YOUR TASK: Your answer should repeat exactly the line containing "Cách phân bổ" and all lines after it through the end of the material below, with no other text.

THE DATA:
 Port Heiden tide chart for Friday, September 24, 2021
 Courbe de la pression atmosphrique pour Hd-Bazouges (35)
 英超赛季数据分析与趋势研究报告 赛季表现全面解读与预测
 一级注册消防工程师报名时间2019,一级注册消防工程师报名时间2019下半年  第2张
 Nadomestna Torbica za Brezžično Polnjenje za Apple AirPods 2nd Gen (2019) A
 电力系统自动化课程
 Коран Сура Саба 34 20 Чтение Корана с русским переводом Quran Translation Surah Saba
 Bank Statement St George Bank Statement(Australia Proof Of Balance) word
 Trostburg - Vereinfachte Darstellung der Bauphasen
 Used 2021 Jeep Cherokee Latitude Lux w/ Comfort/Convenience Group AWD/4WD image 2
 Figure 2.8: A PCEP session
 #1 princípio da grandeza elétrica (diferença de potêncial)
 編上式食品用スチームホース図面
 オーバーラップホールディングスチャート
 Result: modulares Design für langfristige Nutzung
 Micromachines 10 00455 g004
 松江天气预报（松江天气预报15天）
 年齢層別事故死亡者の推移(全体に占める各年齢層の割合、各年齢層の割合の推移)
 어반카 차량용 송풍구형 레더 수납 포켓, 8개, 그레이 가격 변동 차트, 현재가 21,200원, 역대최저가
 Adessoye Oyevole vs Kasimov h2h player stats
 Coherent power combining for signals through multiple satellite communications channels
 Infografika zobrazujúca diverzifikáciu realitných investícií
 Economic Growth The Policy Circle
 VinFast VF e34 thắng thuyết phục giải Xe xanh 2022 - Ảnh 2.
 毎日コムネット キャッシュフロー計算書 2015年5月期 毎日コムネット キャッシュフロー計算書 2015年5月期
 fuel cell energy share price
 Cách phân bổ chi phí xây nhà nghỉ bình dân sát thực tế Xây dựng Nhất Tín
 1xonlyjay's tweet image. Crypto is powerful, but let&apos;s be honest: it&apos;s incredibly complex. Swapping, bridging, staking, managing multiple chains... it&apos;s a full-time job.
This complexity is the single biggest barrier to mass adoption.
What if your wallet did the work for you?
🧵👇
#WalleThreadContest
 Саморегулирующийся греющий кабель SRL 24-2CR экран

SOLUTION TO THIS EXERCISE:
 Cách phân bổ chi phí xây nhà nghỉ bình dân sát thực tế Xây dựng Nhất Tín
 1xonlyjay's tweet image. Crypto is powerful, but let&apos;s be honest: it&apos;s incredibly complex. Swapping, bridging, staking, managing multiple chains... it&apos;s a full-time job.
This complexity is the single biggest barrier to mass adoption.
What if your wallet did the work for you?
🧵👇
#WalleThreadContest
 Саморегулирующийся греющий кабель SRL 24-2CR экран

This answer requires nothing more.